**Work instructions:** Copy every entry exactly as it reads and exclude whatever pictures appear.

[Items listed in a dataset]
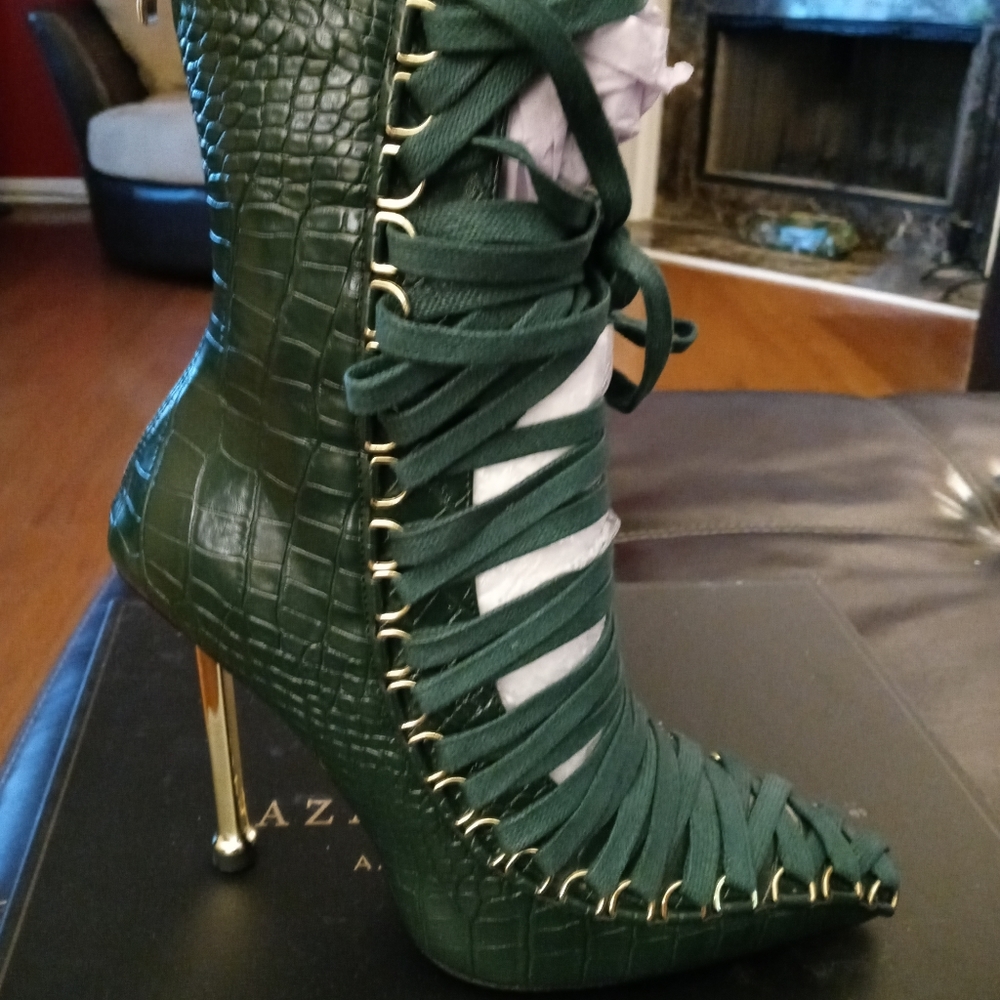 Sexy Green Heels 7M large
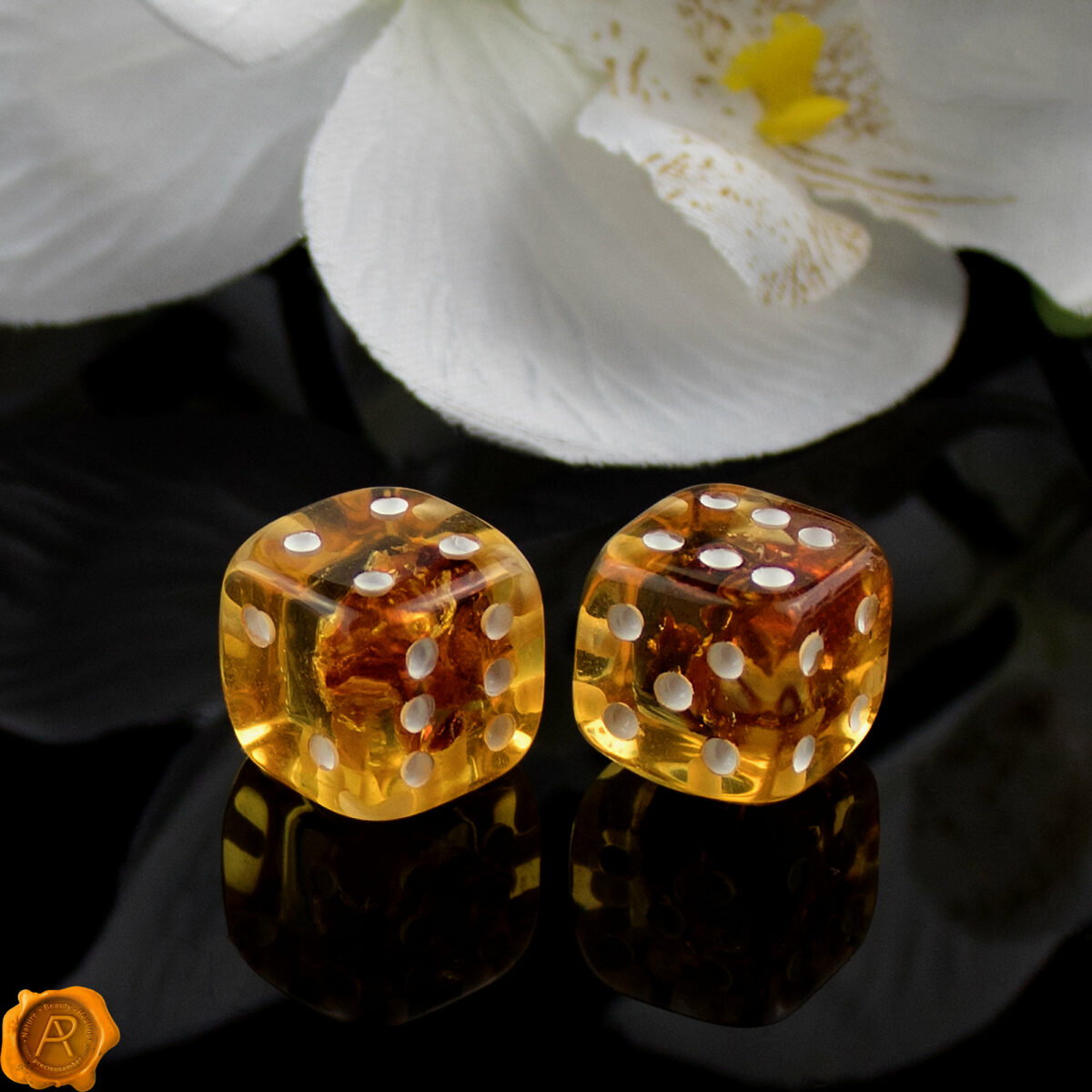 Amber Dice 14 x 14mm - Image 4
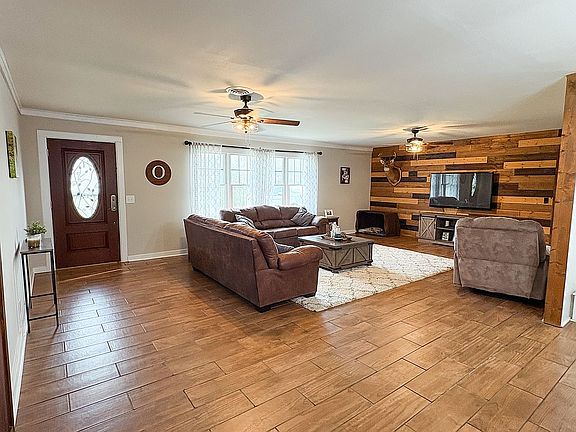 4th image of 2075 County Road 268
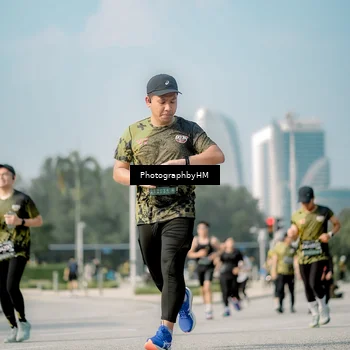 Runner Photo 6723078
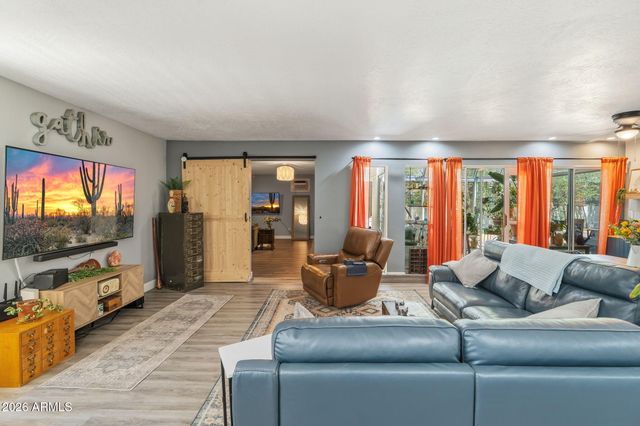 12801 N 15TH Avenue, Phoenix, AZ 85029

**Answer to the exercise:**
 Sexy Green Heels 7M large
 Amber Dice 14 x 14mm - Image 4
 4th image of 2075 County Road 268
 Runner Photo 6723078
 12801 N 15TH Avenue, Phoenix, AZ 85029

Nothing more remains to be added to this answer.